FOOD SCIENCE × AI
AI agent system for food scientists: formula generation, ingredient modification, reverse engineering from nutrition labels. Built a context engineering observability system that lets AI debug and improve itself.
ROLE
Lead AI Engineer
YEAR
2023-2025
STACK
Next.js · Python · OpenAI Agents SDK
STATUS
In Production
Reverse engineering a food formula from a nutrition label is a systematic process of narrowing an infinite solution space. Each iteration eliminates impossible combinations based on macros, nutrients, ingredient constraints, and category-specific rules.

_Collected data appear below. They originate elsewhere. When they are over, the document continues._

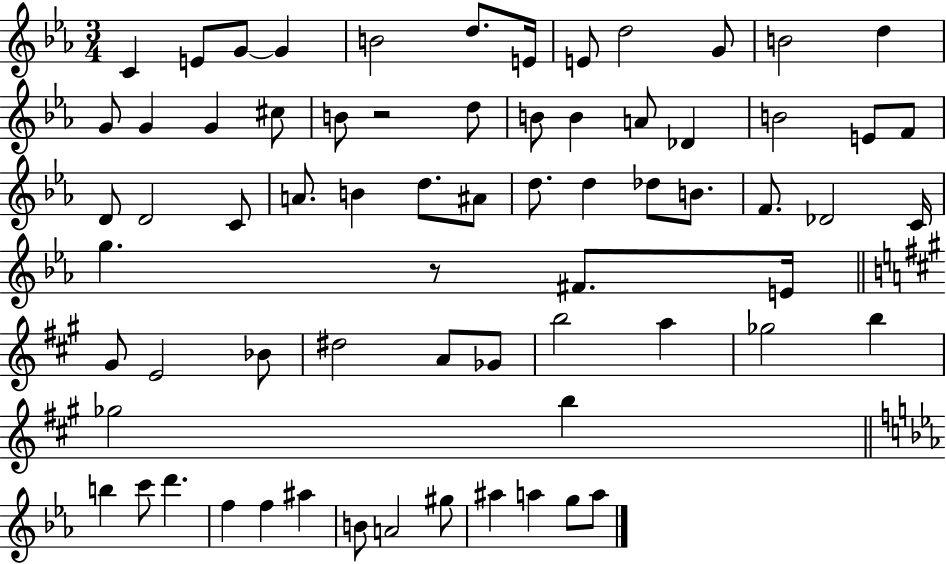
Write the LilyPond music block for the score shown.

{
  \clef treble
  \numericTimeSignature
  \time 3/4
  \key ees \major
  \repeat volta 2 { c'4 e'8 g'8~~ g'4 | b'2 d''8. e'16 | e'8 d''2 g'8 | b'2 d''4 | \break g'8 g'4 g'4 cis''8 | b'8 r2 d''8 | b'8 b'4 a'8 des'4 | b'2 e'8 f'8 | \break d'8 d'2 c'8 | a'8. b'4 d''8. ais'8 | d''8. d''4 des''8 b'8. | f'8. des'2 c'16 | \break g''4. r8 fis'8. e'16 | \bar "||" \break \key a \major gis'8 e'2 bes'8 | dis''2 a'8 ges'8 | b''2 a''4 | ges''2 b''4 | \break ges''2 b''4 | \bar "||" \break \key c \minor b''4 c'''8 d'''4. | f''4 f''4 ais''4 | b'8 a'2 gis''8 | ais''4 a''4 g''8 a''8 | \break } \bar "|."
}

Food scientists do this through a combination of linear programming, domain knowledge, and intuition built over years. The question: Can an AI agent learn this process well enough to do it reliably?
Even ChatGPT Pro ($200/month) gets confused in predictable ways. This wasn't a prompting problem. It was a context engineering problem.
This project evolved across two phases as AI capabilities expanded.
Built a system for 30+ page research reports (before deep research products existed). GPT-4 Mini acted as orchestrator and summarizer; Claude did the actual writing. Rolling summaries kept Claude on track across sections without repetition or context loss.
Worked directly with food scientists to deconstruct their reverse engineering process. Learned the math (linear programming, nutrient calculations), the heuristics, the category-specific rules. This became the foundation for Phase 2.
Embedding-based retrieval system for matching ingredients to USDA database entries. Handles fuzzy matching, brand variations, and composite ingredients.
Deconstructed the entire reverse-from-label process into discrete tools and agents. Math operations, nutrient validation, ingredient lookup, substitution checking. Each became a callable tool. The orchestrating agent dynamically adjusts its approach based on label complexity.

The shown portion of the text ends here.